Stored data entries:
------------------------------------------------------------------------

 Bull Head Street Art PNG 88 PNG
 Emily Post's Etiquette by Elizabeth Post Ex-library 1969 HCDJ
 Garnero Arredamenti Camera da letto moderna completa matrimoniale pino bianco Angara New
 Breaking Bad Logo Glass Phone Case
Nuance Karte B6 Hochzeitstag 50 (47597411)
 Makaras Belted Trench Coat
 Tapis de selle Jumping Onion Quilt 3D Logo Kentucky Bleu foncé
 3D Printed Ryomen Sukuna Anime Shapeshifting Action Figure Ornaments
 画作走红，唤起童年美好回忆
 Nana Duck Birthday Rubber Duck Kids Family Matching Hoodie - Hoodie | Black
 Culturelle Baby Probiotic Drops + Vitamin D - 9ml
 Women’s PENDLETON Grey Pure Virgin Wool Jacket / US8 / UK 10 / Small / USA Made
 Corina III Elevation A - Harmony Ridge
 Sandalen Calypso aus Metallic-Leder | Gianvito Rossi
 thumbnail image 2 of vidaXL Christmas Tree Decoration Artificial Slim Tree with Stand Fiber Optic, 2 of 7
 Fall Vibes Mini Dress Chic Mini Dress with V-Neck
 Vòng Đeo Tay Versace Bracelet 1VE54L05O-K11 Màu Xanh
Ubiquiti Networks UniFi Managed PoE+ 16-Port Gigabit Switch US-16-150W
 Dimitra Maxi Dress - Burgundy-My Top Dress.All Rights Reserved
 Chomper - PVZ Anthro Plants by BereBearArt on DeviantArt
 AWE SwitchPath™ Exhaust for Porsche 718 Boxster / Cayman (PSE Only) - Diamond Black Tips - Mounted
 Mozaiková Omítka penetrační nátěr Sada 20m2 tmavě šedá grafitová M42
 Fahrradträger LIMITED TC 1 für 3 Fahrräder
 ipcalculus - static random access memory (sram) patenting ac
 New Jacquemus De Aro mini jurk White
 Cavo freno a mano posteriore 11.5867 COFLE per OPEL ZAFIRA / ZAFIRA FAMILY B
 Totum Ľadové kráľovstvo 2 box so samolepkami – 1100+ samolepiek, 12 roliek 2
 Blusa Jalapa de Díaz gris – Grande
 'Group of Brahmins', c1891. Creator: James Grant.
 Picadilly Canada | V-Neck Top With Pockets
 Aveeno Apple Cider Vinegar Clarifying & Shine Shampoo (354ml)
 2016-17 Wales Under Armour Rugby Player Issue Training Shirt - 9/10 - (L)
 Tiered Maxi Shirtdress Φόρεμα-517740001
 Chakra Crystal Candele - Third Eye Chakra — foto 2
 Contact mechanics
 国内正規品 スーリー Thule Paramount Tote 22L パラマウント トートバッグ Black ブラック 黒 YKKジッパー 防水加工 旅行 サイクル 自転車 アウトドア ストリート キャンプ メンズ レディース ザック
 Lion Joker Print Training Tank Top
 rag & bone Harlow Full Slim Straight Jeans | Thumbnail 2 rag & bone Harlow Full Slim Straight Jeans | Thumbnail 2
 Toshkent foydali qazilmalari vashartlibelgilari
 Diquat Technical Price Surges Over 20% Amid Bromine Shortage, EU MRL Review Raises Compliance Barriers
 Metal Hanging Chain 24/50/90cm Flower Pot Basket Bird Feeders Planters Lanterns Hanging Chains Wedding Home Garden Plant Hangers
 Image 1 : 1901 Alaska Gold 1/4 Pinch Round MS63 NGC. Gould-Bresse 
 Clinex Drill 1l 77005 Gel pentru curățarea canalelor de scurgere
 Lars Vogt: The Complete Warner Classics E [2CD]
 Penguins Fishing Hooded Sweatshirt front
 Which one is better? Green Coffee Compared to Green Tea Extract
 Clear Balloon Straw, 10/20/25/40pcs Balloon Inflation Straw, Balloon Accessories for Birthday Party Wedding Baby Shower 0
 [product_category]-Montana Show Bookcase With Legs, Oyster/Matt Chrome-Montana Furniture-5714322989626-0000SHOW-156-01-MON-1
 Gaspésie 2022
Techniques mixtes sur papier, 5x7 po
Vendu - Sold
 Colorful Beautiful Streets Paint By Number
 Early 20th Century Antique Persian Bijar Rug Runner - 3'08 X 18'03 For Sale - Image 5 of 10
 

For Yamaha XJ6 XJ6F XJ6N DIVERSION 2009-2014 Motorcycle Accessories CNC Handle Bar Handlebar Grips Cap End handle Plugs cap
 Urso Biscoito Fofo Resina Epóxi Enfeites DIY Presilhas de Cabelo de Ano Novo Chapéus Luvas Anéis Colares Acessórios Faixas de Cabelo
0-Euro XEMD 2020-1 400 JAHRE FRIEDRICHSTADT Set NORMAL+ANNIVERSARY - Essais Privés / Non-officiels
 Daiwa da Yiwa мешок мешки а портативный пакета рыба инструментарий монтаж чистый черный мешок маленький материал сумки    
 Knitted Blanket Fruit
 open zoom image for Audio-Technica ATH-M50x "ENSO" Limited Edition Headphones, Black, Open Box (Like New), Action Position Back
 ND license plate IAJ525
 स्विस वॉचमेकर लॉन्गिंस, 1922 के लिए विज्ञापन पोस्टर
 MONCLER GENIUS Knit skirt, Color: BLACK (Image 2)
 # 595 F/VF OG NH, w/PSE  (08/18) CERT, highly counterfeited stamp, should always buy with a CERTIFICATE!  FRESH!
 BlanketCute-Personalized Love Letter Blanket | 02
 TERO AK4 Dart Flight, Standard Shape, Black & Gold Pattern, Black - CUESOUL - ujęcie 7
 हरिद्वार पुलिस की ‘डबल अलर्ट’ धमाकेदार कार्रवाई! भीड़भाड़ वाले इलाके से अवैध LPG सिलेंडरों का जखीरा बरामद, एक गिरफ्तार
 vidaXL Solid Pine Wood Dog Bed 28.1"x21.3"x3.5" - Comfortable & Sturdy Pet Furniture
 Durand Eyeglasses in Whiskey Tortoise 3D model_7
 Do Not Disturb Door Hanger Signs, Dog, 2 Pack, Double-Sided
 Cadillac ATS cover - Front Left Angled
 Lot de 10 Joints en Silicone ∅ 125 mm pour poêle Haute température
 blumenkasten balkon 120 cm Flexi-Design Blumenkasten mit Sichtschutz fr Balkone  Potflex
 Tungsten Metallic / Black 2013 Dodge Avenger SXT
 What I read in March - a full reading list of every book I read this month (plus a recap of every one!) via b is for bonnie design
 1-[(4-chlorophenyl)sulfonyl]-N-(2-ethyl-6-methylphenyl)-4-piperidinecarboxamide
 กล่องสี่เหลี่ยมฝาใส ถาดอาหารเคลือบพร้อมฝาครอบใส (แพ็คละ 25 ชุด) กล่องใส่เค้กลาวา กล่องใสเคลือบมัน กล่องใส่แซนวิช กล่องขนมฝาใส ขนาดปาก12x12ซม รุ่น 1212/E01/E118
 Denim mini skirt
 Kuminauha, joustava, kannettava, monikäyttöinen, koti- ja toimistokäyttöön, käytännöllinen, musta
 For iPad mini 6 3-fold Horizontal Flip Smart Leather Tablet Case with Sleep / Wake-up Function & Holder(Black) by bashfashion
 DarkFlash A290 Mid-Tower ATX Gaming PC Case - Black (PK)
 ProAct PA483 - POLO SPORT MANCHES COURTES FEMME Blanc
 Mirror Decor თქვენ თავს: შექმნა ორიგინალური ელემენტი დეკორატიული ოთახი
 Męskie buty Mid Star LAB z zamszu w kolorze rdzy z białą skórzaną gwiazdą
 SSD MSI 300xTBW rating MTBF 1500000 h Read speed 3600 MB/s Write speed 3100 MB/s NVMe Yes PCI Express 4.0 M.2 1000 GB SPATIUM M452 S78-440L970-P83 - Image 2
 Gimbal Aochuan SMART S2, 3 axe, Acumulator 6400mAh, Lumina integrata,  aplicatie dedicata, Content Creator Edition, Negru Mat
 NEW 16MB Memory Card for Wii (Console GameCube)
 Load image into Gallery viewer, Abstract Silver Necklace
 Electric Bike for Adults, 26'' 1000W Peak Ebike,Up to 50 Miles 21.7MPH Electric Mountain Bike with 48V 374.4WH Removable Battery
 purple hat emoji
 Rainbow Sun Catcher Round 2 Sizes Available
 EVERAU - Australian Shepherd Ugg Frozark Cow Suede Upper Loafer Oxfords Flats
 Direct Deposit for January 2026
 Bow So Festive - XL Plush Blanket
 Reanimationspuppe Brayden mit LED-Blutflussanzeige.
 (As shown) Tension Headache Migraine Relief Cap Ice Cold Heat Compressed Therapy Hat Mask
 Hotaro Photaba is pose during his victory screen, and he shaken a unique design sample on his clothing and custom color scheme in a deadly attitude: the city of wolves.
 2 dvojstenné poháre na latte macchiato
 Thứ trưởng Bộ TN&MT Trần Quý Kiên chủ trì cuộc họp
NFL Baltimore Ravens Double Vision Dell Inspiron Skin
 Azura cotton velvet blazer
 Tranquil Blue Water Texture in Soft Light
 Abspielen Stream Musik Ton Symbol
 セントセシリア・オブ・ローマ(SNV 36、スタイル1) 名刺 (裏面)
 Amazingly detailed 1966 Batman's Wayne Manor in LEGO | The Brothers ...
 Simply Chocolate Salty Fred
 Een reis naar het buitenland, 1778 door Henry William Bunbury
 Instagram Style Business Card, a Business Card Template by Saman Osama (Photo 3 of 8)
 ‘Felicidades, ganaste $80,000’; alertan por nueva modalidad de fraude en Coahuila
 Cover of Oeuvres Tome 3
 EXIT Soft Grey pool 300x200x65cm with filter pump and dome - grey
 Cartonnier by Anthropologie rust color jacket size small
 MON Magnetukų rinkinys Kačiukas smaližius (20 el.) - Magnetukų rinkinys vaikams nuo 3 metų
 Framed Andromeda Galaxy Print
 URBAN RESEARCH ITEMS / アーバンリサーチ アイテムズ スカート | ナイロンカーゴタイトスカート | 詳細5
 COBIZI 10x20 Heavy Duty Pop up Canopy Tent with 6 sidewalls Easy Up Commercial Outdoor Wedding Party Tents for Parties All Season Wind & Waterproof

------------------------------------------------------------------------

◆ WORK TO COMPLETE
Number of lines in the records above holding the word "vidaXL": state it and nothing else.

◆ RESPONSE TO THE TASK
2